Der Verwaltungsrechtsweg ist auch dann nicht verschlossen, wenn es für die Entscheidung auf die Gültigkeit einer untergesetzlichen Rechtsnorm – einschließlich ihrer Verfassungsmäßigkeit – ankommt. Gegebenenfalls können die Verwaltungsgerichte die Verfassungswidrigkeit einer solchen Rechtsnorm in den Gründen ihrer Entscheidung selbst feststellen (vgl. BVerwGE 80, 355 ≪358 f.≫). Als statthafte Klageart kommt eine Feststellungsklage gemäß § 43 VwGO in Betracht (vgl. BVerwGE 39, 247 ≪248 f.≫, allerdings im Zusammenhang mit einem förmlichen Gesetz; Pietzcker, in: Schoch/Schmidt-Aßmann/Pietzner, VwGO I, Stand: Januar 2000, § 43 Rn. 25; Pielow, Die Verwaltung 1999, S. 445, 468 f.), wenn und soweit – wie hier – die Norm keines gesonderten Vollzugsaktes mehr bedarf und deshalb unmittelbar verpflichtende Wirkungen entfaltet (vgl. Pielow, aaO, S. 468 f., unter Bezugnahme auf die Rechtsprechung des Bundessozialgerichts zu so genannten self-executing-Normen in BSGE 72, 15 ≪19 f.≫; Pietzcker, aaO, Rn. 25 a.E.). Eine verwaltungsgerichtliche Klage könnte etwa die Feststellung zum Ziel haben, dass die Verpackungsverordnung wegen Fehlens einer Ermächtigungsgrundlage nichtig ist. Diese Rechtsauffassung zur Prüfungs- und Verwerfungskompetenz der Verwaltungsgerichte steht im Einklang mit der Rechtsprechung des Bundesverfassungsgerichts, nach der sich dessen Verwerfungsmonopol nur auf nachkonstitutionelle Gesetze im formellen Sinn, nicht aber auf Rechtsverordnungen bezieht (vgl. BVerfGE 68, 319 ≪326≫; BVerfG, NVwZ 1998, S. 169 f.; BVerfG, NJW 1999, S. 2031). Dem steht auch nicht das Urteil des Ersten Senats des Bundesverfassungsgerichts vom 16. Februar 2000 (vgl. NJW 2000, S. 857 ff.) zu § 1 Abs. 1 und § 2 Abs. 1 der Verordnung über das Verbot der Verwendung bestimmter Stoffe zur Herstellung von Arzneimitteln (Frischzellen-Verordnung) vom 4. März 1997 (BGBl I S. 432) entgegen. In diesem Fall waren die Versuche der dortigen Beschwerdeführer, vor den Verwaltungsgerichten im Wege der einstweiligen Anordnung wirkungsvollen Rechtsschutz zu erlangen, erfolglos geblieben.
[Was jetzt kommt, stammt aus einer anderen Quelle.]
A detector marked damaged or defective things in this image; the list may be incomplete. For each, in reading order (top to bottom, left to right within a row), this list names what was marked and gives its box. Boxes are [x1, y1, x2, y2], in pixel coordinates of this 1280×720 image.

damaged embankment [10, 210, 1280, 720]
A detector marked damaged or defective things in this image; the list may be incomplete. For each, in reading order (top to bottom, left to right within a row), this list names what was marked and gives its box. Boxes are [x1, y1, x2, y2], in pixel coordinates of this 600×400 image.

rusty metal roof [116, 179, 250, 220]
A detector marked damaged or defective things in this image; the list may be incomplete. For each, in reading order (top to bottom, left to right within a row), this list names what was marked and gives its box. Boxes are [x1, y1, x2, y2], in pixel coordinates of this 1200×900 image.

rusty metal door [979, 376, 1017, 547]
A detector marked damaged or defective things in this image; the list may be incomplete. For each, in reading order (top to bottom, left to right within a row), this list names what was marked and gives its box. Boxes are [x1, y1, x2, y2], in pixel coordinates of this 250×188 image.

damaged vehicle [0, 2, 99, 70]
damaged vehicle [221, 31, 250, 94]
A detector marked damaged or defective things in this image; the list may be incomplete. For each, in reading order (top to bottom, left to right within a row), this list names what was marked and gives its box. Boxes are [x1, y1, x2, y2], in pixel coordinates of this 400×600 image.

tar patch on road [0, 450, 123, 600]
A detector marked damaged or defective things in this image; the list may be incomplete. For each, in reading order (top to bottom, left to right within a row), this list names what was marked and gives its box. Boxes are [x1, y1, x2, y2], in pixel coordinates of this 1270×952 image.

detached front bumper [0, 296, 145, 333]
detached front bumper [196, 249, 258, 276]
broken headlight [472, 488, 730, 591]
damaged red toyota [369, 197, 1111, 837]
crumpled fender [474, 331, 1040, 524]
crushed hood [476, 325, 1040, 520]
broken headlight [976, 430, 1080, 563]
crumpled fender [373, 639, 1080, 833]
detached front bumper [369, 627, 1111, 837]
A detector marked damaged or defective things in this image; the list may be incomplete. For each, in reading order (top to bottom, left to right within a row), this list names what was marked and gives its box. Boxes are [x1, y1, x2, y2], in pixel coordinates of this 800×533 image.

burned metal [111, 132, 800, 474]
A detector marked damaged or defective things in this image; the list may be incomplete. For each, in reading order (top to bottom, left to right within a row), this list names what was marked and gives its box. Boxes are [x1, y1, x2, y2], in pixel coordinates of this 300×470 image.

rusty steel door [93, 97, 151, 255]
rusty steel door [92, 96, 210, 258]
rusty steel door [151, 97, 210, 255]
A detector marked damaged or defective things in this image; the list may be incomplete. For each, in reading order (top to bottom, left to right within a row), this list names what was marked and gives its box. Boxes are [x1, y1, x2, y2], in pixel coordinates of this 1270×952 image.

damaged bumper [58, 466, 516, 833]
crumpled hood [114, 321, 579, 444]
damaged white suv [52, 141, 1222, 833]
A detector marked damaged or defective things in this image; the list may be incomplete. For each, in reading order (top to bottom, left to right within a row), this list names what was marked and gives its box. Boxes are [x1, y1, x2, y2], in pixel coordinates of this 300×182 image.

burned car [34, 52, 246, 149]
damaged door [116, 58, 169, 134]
b) Dass es den Beschwerdeführern unzumutbar sein könnte, ihre Interessen zunächst vor den Verwaltungsgerichten zu verfolgen, ist nicht erkennbar. Eine Entscheidung des Bundesverfassungsgerichts vor Erschöpfung des Rechtswegs ist nach dem insoweit sinngemäß anwendbaren § 90 Abs. 2 Satz 2 BVerfGG nur dann möglich, wenn die Verfassungsbeschwerde von allgemeiner Bedeutung ist und die Erschöpfung des Rechtswegs auch im Hinblick auf den Sinn des Subsidiaritätsprinzips, eine vorherige Klärung der tatsächlichen und rechtlichen Fragen durch die allgemein zuständigen Gerichte zu gewährleisten, nicht geboten ist (vgl. BVerfGE 90, 128 ≪136 f.≫). Danach kommt ein Verzicht auf die Rechtswegerschöpfung hier nicht in Betracht. Von einer Beschreitung des Rechtswegs kann insbesondere deshalb nicht abgesehen werden, weil eine vorherige Klärung der tatsächlichen und einfachrechtlichen Fragen durch die allgemein zuständigen Gerichte notwendig ist. Der Grundsatz der Subsidiarität der Verfassungsbeschwerde soll gerade dazu dienen, dass – insbesondere bei neuen Rechtsvorschriften – verfassungsrechtlich relevante Tatsachen- und Rechtsfragen durch die allgemein zuständigen Gerichte hinreichend vorgeklärt werden. Dadurch soll erreicht werden, dass das Bundesverfassungsgericht nicht auf ungesicherter Tatsachen- und Rechtsgrundlage weit reichende Entscheidungen trifft. Bei der Rechtsanwendung durch die sachnäheren Fachgerichte können – aufgrund besonderen Sachverstands – möglicherweise für die verfassungsrechtliche Prüfung erhebliche Tatsachen zutage gefördert werden (vgl. BVerfGE 56, 54 ≪69≫; 79, 1 ≪20≫). Es kann grundsätzlich nicht Aufgabe des Bundesverfassungsgerichts sein, wie ein Gericht der ersten Tatsacheninstanz eines Verwaltungsprozesses tätig zu werden (vgl. BVerfGE 24, 367 ≪402≫).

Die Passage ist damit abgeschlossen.